HB & NM: While in Istanbul the urban roots of the Gezi Park uprisings were more highlighted, those of the Arab uprisings are less evident–even though in Egypt, for instance, the housing crisis and the impossibility of young adults to secure housing to start families have been rampant problems. How would you characterize the difference in locating the urban crisis in these two uprisings?
Well, I am not an expert on Istanbul or on Cairo, so I have to say it is very embarrassing being the world’s expert on things I know nothing about. Having said that, I was in Istanbul just before the uprising and, of course, I knew enough about Istanbul to see that it was undergoing an astonishing process of urban redevelopment. There were construction cranes everywhere! The Turkish economy is the second-fastest growing economy in the world, and construction and urbanization, of course, play a part in how it grows. But, this is a bubble and, in the course of a bubble, people get displaced. I became very unpopular because I went on the radio there, and told them it reminded me of Madrid in 2005 before the crash. There were a lot of struggles against displacement going on in Istanbul. I was very fortunate to have some colleagues there who took me to various parts of the city, showing me where the gentrification and the evictions were happening.

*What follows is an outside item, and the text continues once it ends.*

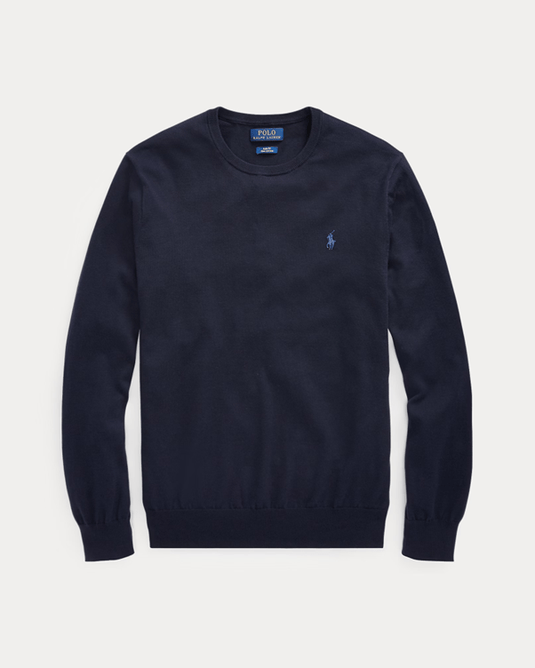 Ralph Lauren Mens Slim Fit Cotton Crew Neck Jumper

It seemed to me that, in this situation, the urban-social movements were clearly distressed. There was a lot of agitation against these mega-projects, which the government had designed for the city. When they announced the plans for the square, I was not surprised at all that there was some sort of reaction to it. But, as far as I could tell, the reaction did not possess the same kind of center as in Egypt and in North Africa generally. In North Africa, the background to many of the struggles had been recurring food riots that have taken place over the last fifteen to twenty years. The high cost of food has been a serious question, but the populations also see massive increases in inequality emerging around them; there is clearly a great deal of corruption.

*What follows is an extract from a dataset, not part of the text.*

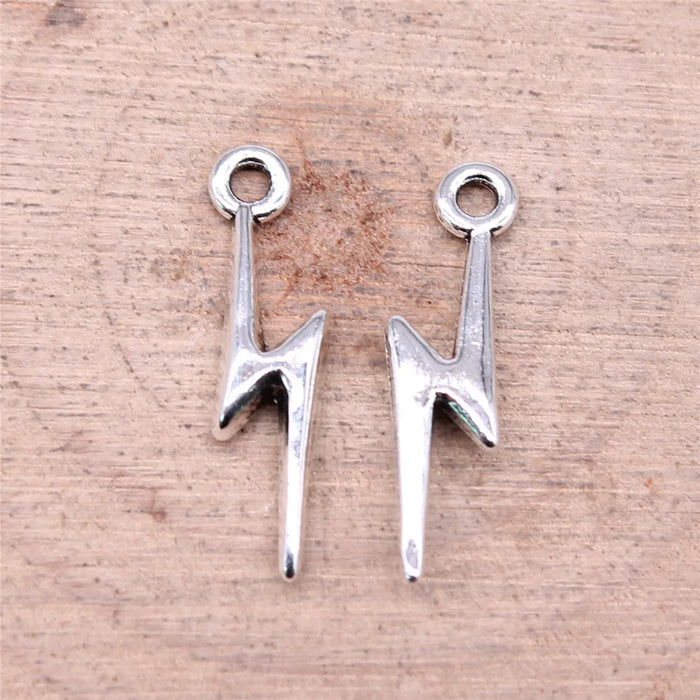 20x5mm 0.45g Multicolor Zinc Alloy Lightning Charm Pendant for DIY Necklace Bracelet Jewelry Making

My first thought when the Arab uprisings occurred in Cairo was how similar it was to Paris during the French Revolution of 1848. Paris 1848 and Cairo now have interesting parallels. In Paris in 1848, the people decided to get rid of the king, Louis Philippe. They got rid of the king, but that was the easy part. These were called the February Days of the 1848. The equivalent would the 25 January (2011) uprisings in Egypt, which ended with the overthrow of Mubarak. In Paris, a few months later, during the June Days of 1848, facing workers’ rebellion, order was restored by a military apparatus, and the rebellion was crushed. In the Parisian case, this knowledge of how to handle people was brought back to France from Algeria, which was a French colony. The military apparatus treated the people on the boulevards as colonial subjects and shot them down. That was the end of that uprising. What happened after 30 June 2013, on 3 July in Egypt, bore an uncanny resemblance to the June Days, with repression imposed by the military. In Cairo, however, it was not a socialist revolution; it was more of a bourgeois republican revolution with the aim of getting rid of corruption and inequality, trying to create a more democratic society. I am not sure how useful the parallel is, how far I could push it.
There was also a clear alliance of forces, which emerged in Cairo, and this might have some parallels with Istanbul. Workers’ movements turned out in Cairo–they had also been agitating for some time. So, there was a workers’ movement which joined in, there was the obvious discontented youth movement, and there was the city population who was discontented with inequality, high food prices, and corruption. But, the alliance in Cairo was quite disparate, and I think the same thing applied to Istanbul. For instance, in Istanbul, soccer fans of the working class club [Beşiktaş] joined in. They were chanting sexist slogans, which the feminists objected to. They told them they should change their slogans, and they actually did. So, in both cases, there was a disparate alliance with the focus of discontent on a regime that operates in a very autocratic way, and will not stand for any kind of consultation. I would not say that either of these were socialist revolutions. They are urban uprisings around discontent.
Within Istanbul–and this is a classic case where the parallel with Paris is significant–the Turkish central government does not like Istanbul. Istanbul is the center of opposition, as are the other major urban centers. So, while the government itself is not really anti-urban because they favor this sort of urban developmentalism, they are certainly not in favor of the populations who predominate in those areas.